Зеленые глаза за стеклами блеснули; я понял, что Милашкину у Горностаева не печататься. Но совесть моя не затрепетала, потому что ни при какой погоде Гриша секретаря печатать бы не стал.
— Господи! — вновь упомянул он Божье имя всуе. — Артур… Конечно!
— Ты ему, кажется, чем-то обязан?
— Это к делу не относится. Леон, ничего такого не было, клянусь!
— А что было?
— Я купался вечером на озере, как обычно.
— Когда?
— Позапрошлым летом, дату, естественно, не помню. Появилась Марго.
— У вас было свидание?
— Да ну! Возвращалась со станции, из Москвы. Ну, посидели, поболтали… — Он помолчал, потом добавил: — Посмеялись. Помню, действительно, Артур с очередной своей пассией проходил. Девочка — майская заря. Как он таких на старости лет…
— Вы на пляже смеялись?
— На пляже. Почти. Чуть в сторонке.
— В кустах, значит?
— Леон!.. — Он засмеялся.
— Я говорю: в кустах?
— Ну, рядом рос куст.
— Какой?
— Ну, знаешь!.. Ну такой: с маленькими листиками, в розовых цветочках.
— Наверное, бересклет.
— Да какая разница?
— Мне нужно знать место, где вы встречались.
— Да не было этого!
— Ты любил Марго?
Большой босс снял очки и принялся протирать стекла пальцами. Потом сказал ее фразу, которая так потрясла сына:
— Я любил любовь.
— Ты! Грязная скотина…
Он вдруг рассмеялся; от этого смеха у меня мурашки поползли.
— Любил, Леон. В прошедшем времени. Все кончено, с этим все покончено.
— Тебя так поразила ее смерть?
— Меня поразил твой роман.
— Не только тебя, — я пристально наблюдал за ним. — В вечер исчезновения Марго к нам в сад явился черный монах.
— У тебя была галлюцинация?
— Я в это время набирался за упокой Прахова.
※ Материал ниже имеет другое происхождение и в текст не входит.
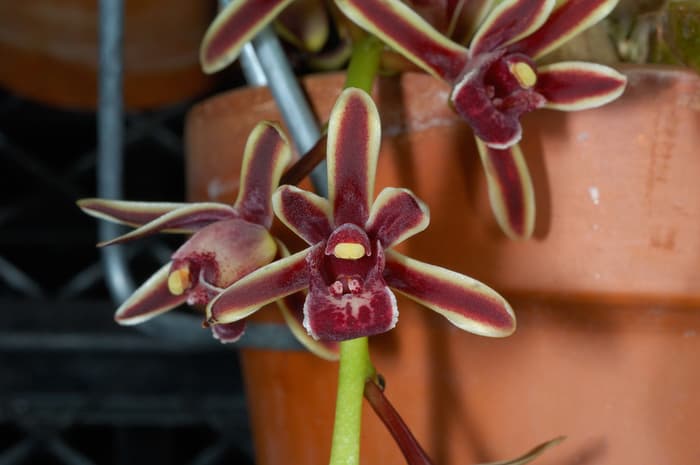  Anggrek Cymbidium  Bicolor Jual Anggrek  Nugraha Orchid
Но некто монаха этого видел.
Горностаев вздрогнул.
— Этот ряженый убил Марго?
— Ишь ты, точное какое словечко подобрал. Во что нарядился ряженый?
— Я тебя не понимаю, — отрубил он угрюмо.
— Не понимаешь? А скверный почерк мой понимаешь, а?
— Как старый литератор, как издатель, наконец, я действительно поднаторел во всяческих скверностях.
— Поднаторел. Ведь ты лазил в мой сундучок.
— Нет!
Любопытно, что мое странное заявление его не удивило, не возмутило.
— Лазил. Ты прошлый раз проговорился: «Остальные рукописи у тебя перепечатаны». Откуда такая осведомленность?
— Да обычное предположение. Любой профессионал, окончив вещь, возится с нею, лелеет, любуется, никак не может расстаться.
— Заткнись! Ты подложил туда коричневую тетрадь. Что доказывает твоя фраза: «Огонь сильнее». Ты сжег три страницы… или хуже?
— Что хуже?
— Труп.
— Ты настоящий писатель, Леон, фантаст, — Гриша вдруг как-то успокоился. — По старой дружбе я тебе простил «скотину», ты не в себе… но «убийцу»… не советую!
— Ты мне еще будешь советы давать?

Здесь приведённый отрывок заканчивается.